I use the cement mixing tub from Home Depot. Much cheaper than Bass Pans and much deeper too so it keeps the litter, poops...in and not on my floors


----------



## Rhonwen (Dec 29, 2014)

I recently decide to make the switch to using bedding vs fleece in at least one of my cages. My girls are pigs - they chew holes in the fleece, then burrow between the pans and the fleece - pooping and peeing the whole while. Then they lay in it.. Yuck. They're destructive enough that I can not reuse the fleece to cover pans again, and buying fleece enough for 4 cages gets pricey quickly. 

The obvious problem with bedding is that it gets everywhere with the pans in the DCNs. I put a small 3" high bin in their cage with bedding as a test, and they've done remarkably well with it. Not a whole lot of bedding is getting out of the cage, no more bedding than poop anyway. I am about 95% decided on the Bass Pans, they're high enough, and have the option of a urine guard, which raises the overall height to 6" or 6.5" depending on which pan height you go with. 

I do have a couple questions:

1. Has anyone purchased the urine guards, how have they worked for you, pros cons? overall satisfaction rating?
2. I've read you have to spray the pans with anti-rust and let it set. Feedback on this? What did you use to spray the pans with? how long did you let them sit to cure? 
3. Personal pros cons of the bass pans themselves?


----------



## LilCritter (Feb 25, 2014)

If you get the stainless steel ones, you do not have to treat it.


----------



## OMR (Oct 20, 2013)

Gribouilli said:


> I use the cement mixing tub from Home Depot. Much cheaper than Bass Pans and much deeper too so it keeps the litter, poops...in and not on my floors


Way cheaper too! what size do you use?


----------



## Felix (Oct 25, 2015)

^ I would also like to know what size as I'm gonna try switching soon hopefully but if they're as good as the bass pan then I definitely could use the cheaper option!!


----------



## Gribouilli (Dec 25, 2015)

Home Depot cement mixing tub:http://m.homedepot.com/p/Plasgad-Black-Large-Concrete-Mixing-Tub-887102C/205451585 

You just need to trim a little bit of their width. Here's a pic of one intact tub, and one that I trimmed:


----------



## Felix (Oct 25, 2015)

How do you trim it? Cheers (seems like you're the one always helping me out lol!)


----------



## artgecko (Nov 26, 2013)

I use the stainless steel bass pans and got them to make them an extra 1/2" tall. I love them. They are easy to clean and hold up well to everything the rats throw at them. You do still get some litter scattered, but using less litter helps. I only use about 1" of litter and don't get too much scattered out.


----------



## Felix (Oct 25, 2015)

artgecko said:


> I use the stainless steel bass pans and got them to make them an extra 1/2" tall.
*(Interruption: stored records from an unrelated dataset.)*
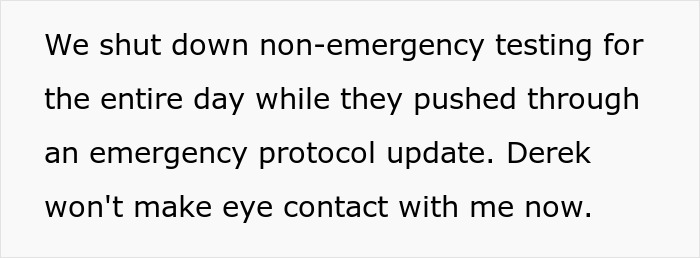 Office shutdown due to boss demanding everything be done by the book during emergency protocol update. Office shutdown due to boss demanding everything be done by the book during emergency protocol update.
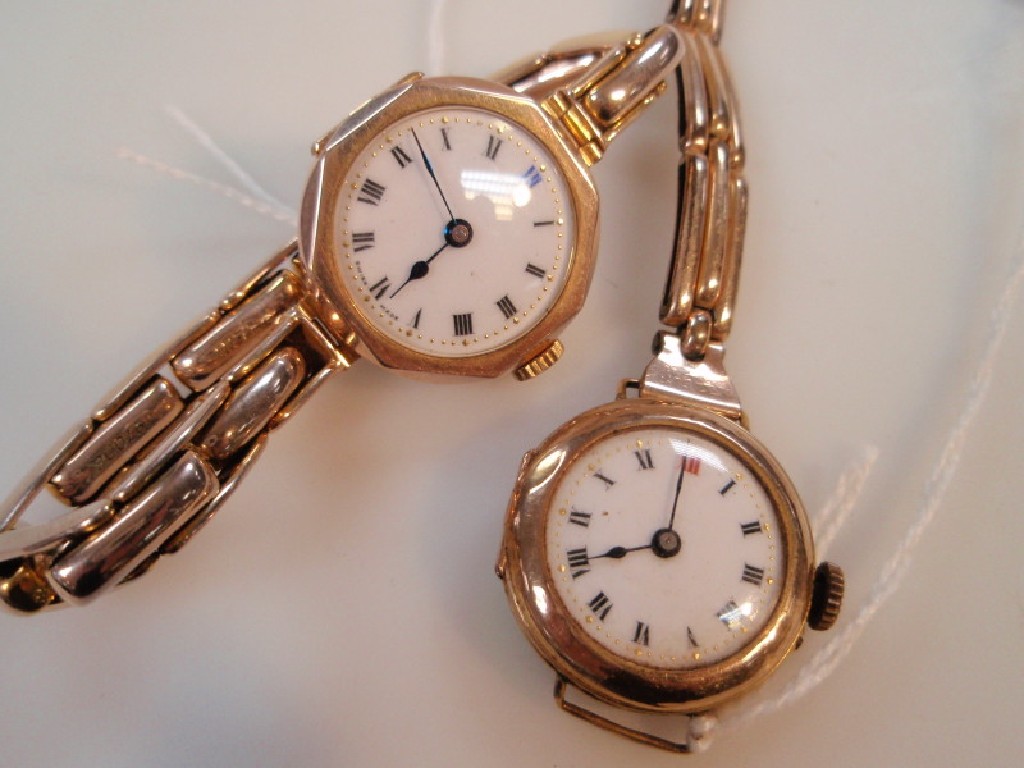 Appraisal: Two ct gold ladies wrist watches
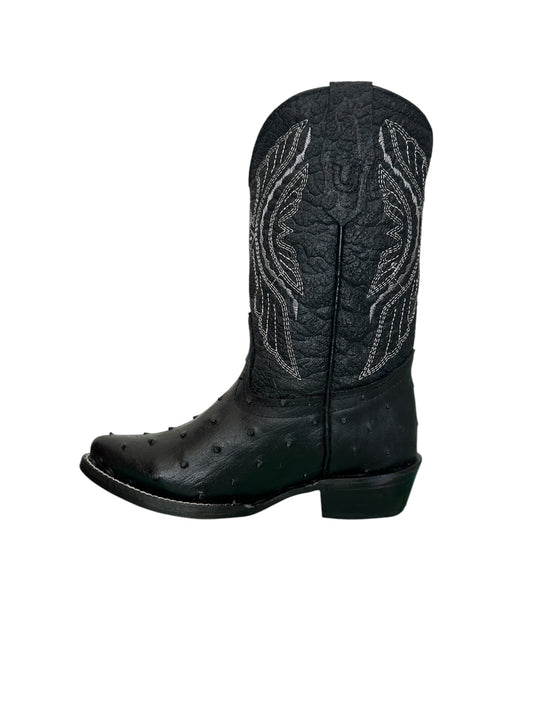 Bota Niño y Dama Avestruz Imitación Negro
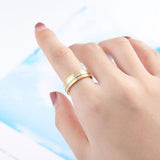 Rotatable Crystal Ring Stainless Steel & Silver Wedding Jewelry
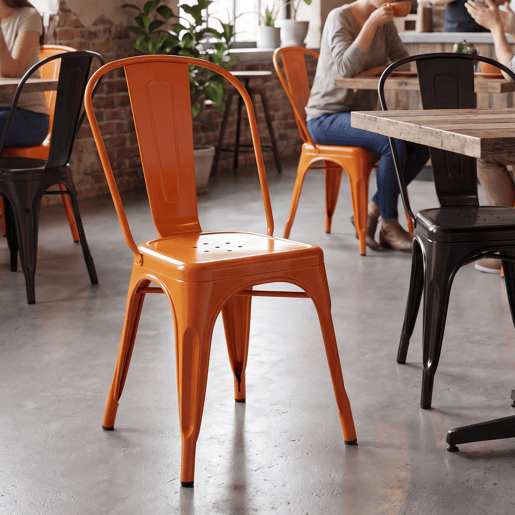 Set de 4 Sillas Apilables Benedikt Metal Naranja 48X44X89 cm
I love them. They are easy to clean and hold up well to everything the rats throw at them. You do still get some litter scattered, but using less litter helps. I only use about 1" of litter and don't get too much scattered out.


What litter do you use?


----------



## Felix (Oct 25, 2015)

Gribouilli said:


> Home Depot cement mixing tub:http://m.homedepot.com/p/Plasgad-Black-Large-Concrete-Mixing-Tub-887102C/205451585
> 
> You just need to trim a little bit of their width. Here's a pic of one intact tub, and one that I trimmed:


any update on how to trim them?


----------



## catty-ratty (Feb 21, 2016)

I don't have one of those tubs, but I have cut heavy plastic stuff before. A sturdy utility knife would work, or maybe hardware scissors


----------



## Felix (Oct 25, 2015)

Thanks  forgive me, I'm gonna sound stupid but part of what I was confused about was what he was trimming because they look the same (like there's no sides missing on the trimmed one). Does he just mean trimming down the thickness?


----------



## Fraido (Oct 1, 2014)

Felix said:


> Thanks
> 
> 
> 
> ...


I think I see where the bottom one is trimmed on the right side!


----------



## Gribouilli (Dec 25, 2015)

Yes the second bass tub is trimmed, if you look at the holes you can see that it was trimmed on both sides Not much trimming is needed. I'll post a pic of what I used to trim them tomorrow as I'm not sure what it is called...it is basically a big sturdy scissor I got from Lowes. I first tried with a hand saw ($8 or so at Lowes) but wasn't as easy or well done than with that other tool I used.


----------



## artgecko (Nov 26, 2013)

Felix- sorry, I didn't see your question until today. I use shredded aspen with a thin layer of wood horse stall pellets underneath to help absorb extra urine / moisture. Seems to work pretty well. I also give them newsprint and paper towels to shred if they want to build a nest.


----------



## Felix (Oct 25, 2015)

It's all good mate, thank you for answering me 

So I got the cement mixing bin today and cut it but I accidentally misread and cut the back lip too! It looks okay but will that still work okay? will they get cut on it somehow? also, it seems like there is space between the front of the bin and the doors (I have a single unit CN) except when I close that space is very tiny. Is that space OK or has anyone rats had a problem where they keep climbing out of the bin and going into that space? (again, it's very tiny, maybe even nonexistent when the doors are shut and I'm just worrying) And for anyone using the CN with these bins, what "notch" is your second floor on? 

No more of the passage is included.